元阪神の名手、久慈照嘉氏の長女・愛さんが選抜ポスターに
カメラマンのリクエストに答えながら、モデルの久慈愛さんは投球フォームを披露した。右足でしっかりと立ち、バランスよく腕を振った。「毎日5分、練習してきましたから」と笑顔を振りまいた。2月に行われた第95回記念選抜高等学校野球大会「応援ポスター」「センバツ応援イメージキャラクター」記者発表会での一幕だ。
一緒に練習に付き合ってくれたのは父の照嘉氏だった。阪神と中日で“守備の名手”として活躍。引退後も阪神の内野守備コーチを務めてきた。現在は兵庫・姫路市を拠点に活動している小中学生向けの野球教室「ダッシュベースボールアカデミー」でアカデミープロデューサーを務め、子どもたちに野球を指導している。
ポスター起用の一報を受け「お母さんが一番に喜んでくれて、お父さんも涙してくれた」という。野球少年に教えるように愛さんに基本から投球指導し、晴れ舞台にふさわしいフォームを作り上げた。
今回、父が愛した野球について「野球というのは1つチーム全体の目標が毎年ある。それに向かって日々、努力を積み重ね続けるという姿がかっこいい」と印象を語っていた。愛さんは11歳の頃、ミュージカル「アニー」にテシー役で出演するなど活躍していた。オーディションを実力で突破して勝ち取った役だったが、“親の七光り”という目も向けられたという。

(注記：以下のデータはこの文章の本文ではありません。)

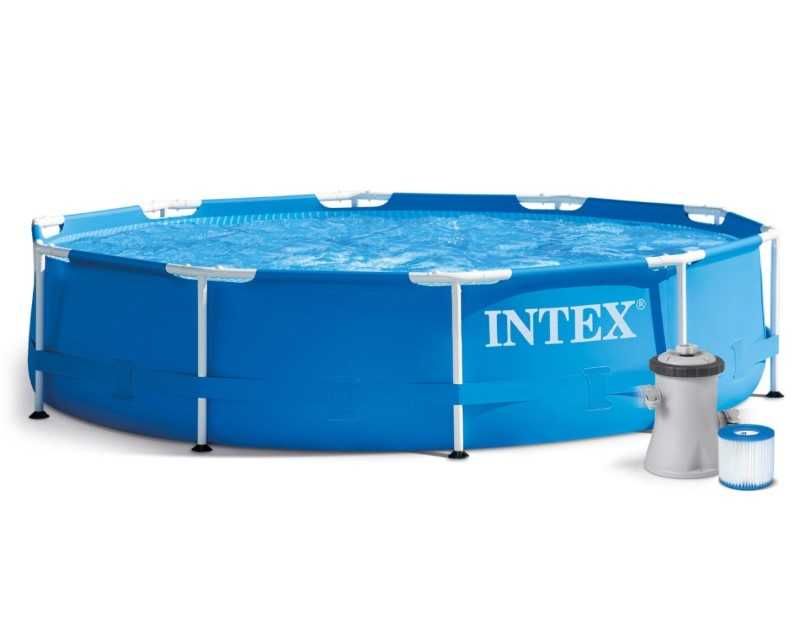 Basen ogrodowy stelażowy 305 x 76 cm zestaw 8w1 Intex 28202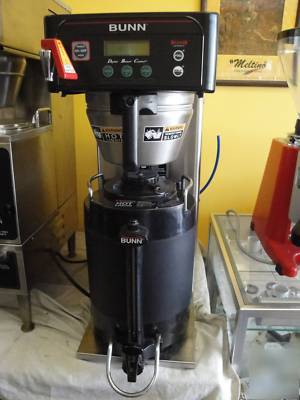  bunn icb-dv digital infusuion series coffee brewer 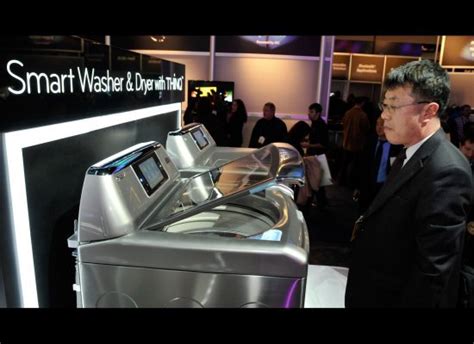 LG washer at CES. Stupid feature or needed feature?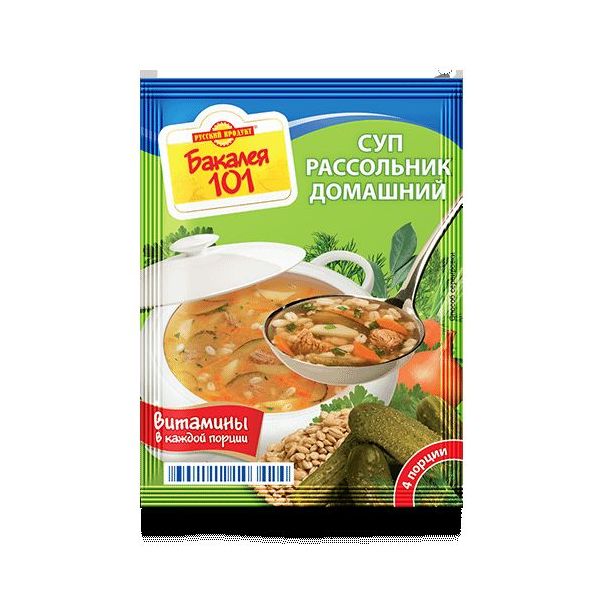 

Рассольник Командор Домашний +-100 г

「とにかく実力をつけないといけない、と思いました。どこにいっても野球選手の娘っていう風に見られてしまう。練習して技術を磨かないといけないなと思いました」
そこから、歌とダンスに時間を注いだ。中学卒業後、高校野球のマネジャーになる憧れも封印し、習い事に専念した。とにかく自分を磨き続けた努力が、今回、“甲子園切符”につながった。